Heart failure after thiazolidinedione therapy

Hippokratia 2005, 9(2):87-91

Ch Sambanis, K Tziomalos, E Kehagia, E Nakou, E Randou, E Kountana, T Didangelos, D Karamitsos
2nd Propedeutic Dpt Internal Medicine, Hippokratio General Hospital, Thessaloniki, Greece


Abstract

Background. Thiazolidinediones are a group of hypoglycemic agents that enhance insulin sensitivity and improve glycemic control in patients with type 2 diabetes. Their main side effect is fluid retention, which might lead to congestive heart failure. The aim of this study was to report the clinical characteristics of nine patients with type 2 diabetes who developed heart failure after the administration of thiazolidinediones.
Methods.
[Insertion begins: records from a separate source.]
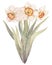 Watercolor floral hand drawn delicate illustration of blossom daffodils, jonquil, narcissus bouquet. Colorful spring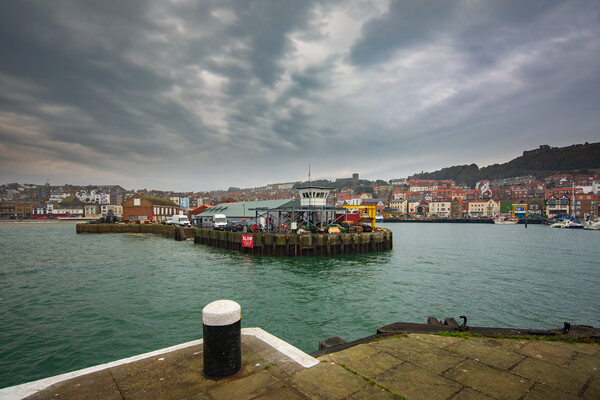 Scarborough Harbour Picture Board by Steve Smith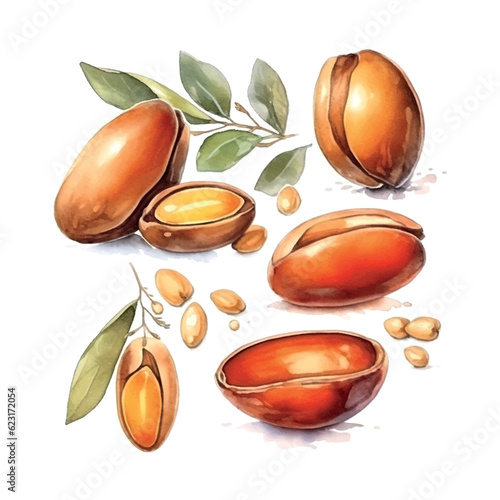 Argan branch watercolor in vintage style on white background.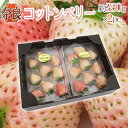 奈良県産 ”白いちご コットンベリー” 2pc（1pcあたり9～15粒前後 約250g）【予約 12月以降】 送料無料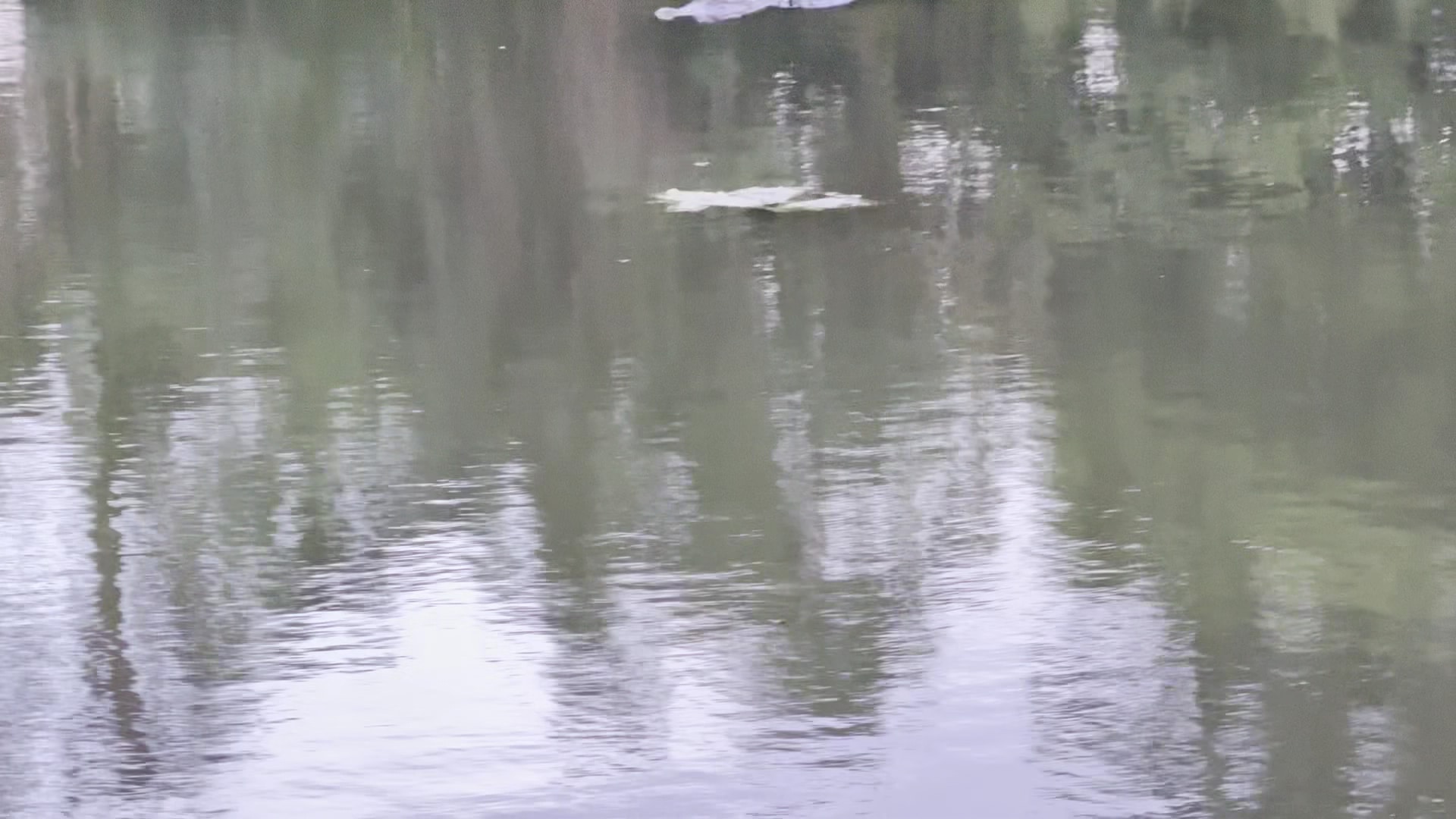 Egan's Creek Greenway Trail Parking - Fernandina Beach, FL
Nine patients with type 2 diabetes (six females), with a mean age of 71.7 years (range 63-82 years), who were receiving thiazolidinediones (6 of them rosiglitazone and 3 pioglitazone), were included in this study.
Results. All patients were admitted in our Department because of symptoms and signs of heart failure (3 manifested acute pulmonary edema and six worsening heart failure). All patients had experienced weight gain (range 2.5-7 kg), peripheral edema, exertional dyspnea and one of them unstable angina. These signs and symptoms developed at a median time of 1,9 months (range 1-3 months) after the initiation of thiazolidinedione treatment. Eight patients had coronary heart disease (documented by their history and ECG), three had a history of pulmonary edema, eight were hypertensive, five were receiving loop diuretics and two were receiving insulin. Therapy for heart failure was provided and thiazolidinediones were discontinued. All patients showed a decrease in body weight, and edema and dyspnea resolved rapidly.
Conclusions. Administration of. thiazolidinediones is associated with an increased risk of development of heart failure in patients with type 2 diabetes who often have multiple risk factors for heart failure. Heart function should be carefully evaluated prior to the initiation of thiazolidinedione treatment and patients should be closely monitored, particularly during the first three months of treatment.